Les dominicains espagnols s'opposèrent à cette extension du libre arbitre au domaine de la grâce.

De son côté Baïus, de l'université de Louvain, insistait sur l'efficacité de la grâce procurée par le seul mérite de Jésus-Christ. Malgré les condamnations de Baïus par le pape en 1567 et en 1579, l'université de Louvain demeura un centre important du renouveau augustinien et de la lutte contre le molinisme.

2-1-3-Le jansénisme en Europe

Pendant ce temps, en France, avant l’avènement de Louis XIV, de très nombreux théologiens, des mystiques et des saints de haute valeur: Saint François de Sales, Pierre de Bérulle, Saint Vincent de Paul, etc.,... dans les circonstances difficiles que nous connaissons, avaient redonné au catholicisme français du XVIIe siècle un relief exceptionnel. L’espoir pouvait renaître...

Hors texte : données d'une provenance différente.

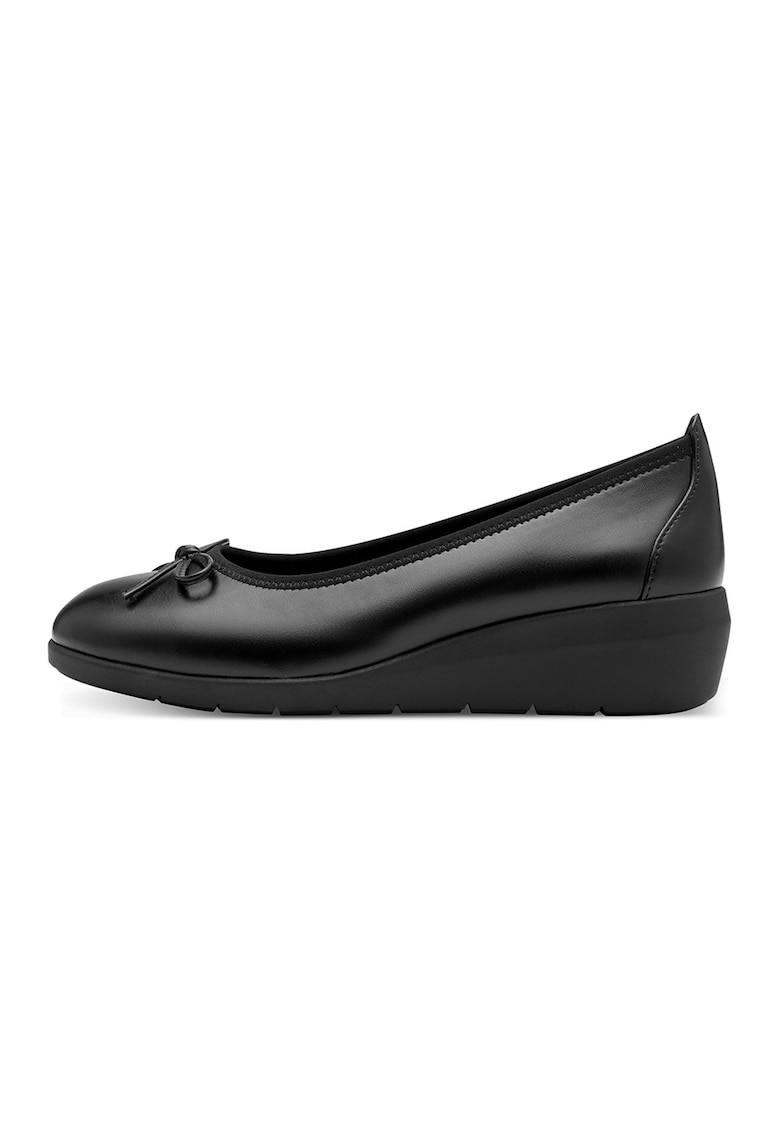 Скосени обувки с овален връх Tamaris Comfort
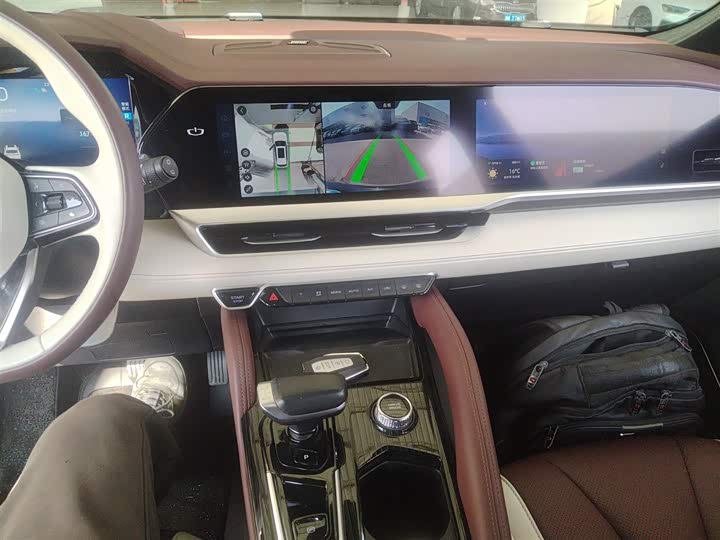 Фото 5 - Geely Monjaro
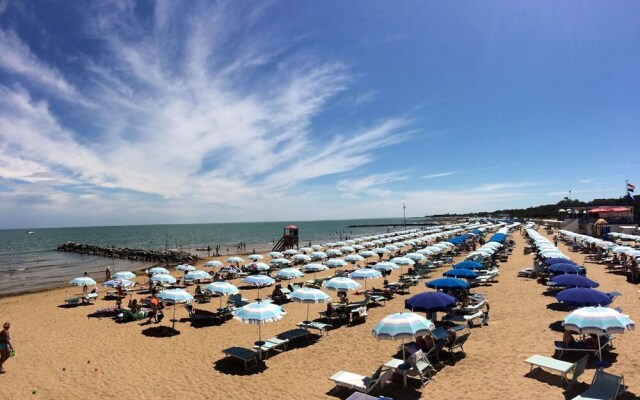 Elegant Villa a few Meters From the Beach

Pourtant, parallèlement au développement de ce que l’on a appelé l’École Française, et souvent à l’insu de quelques-uns de ses plus éminents représentants, tel Bérulle, qui fut l’ami intime de l’abbé de Saint Cyran dont nous parlerons plus tard, un autre courant religieux et doctrinal, se développait : le jansénisme, du nom de son principal initiateur, l’évêque d'Ypres : Cornelius Jansen (mort en 1638).

Le jansénisme grâce à de nombreux partisans célèbres, réussit à conquérir, aux XVIIe et XVIIIe siècles de vastes régions d’Europe: en France, en Belgique, en Hollande, en Allemagne, et même en Italie.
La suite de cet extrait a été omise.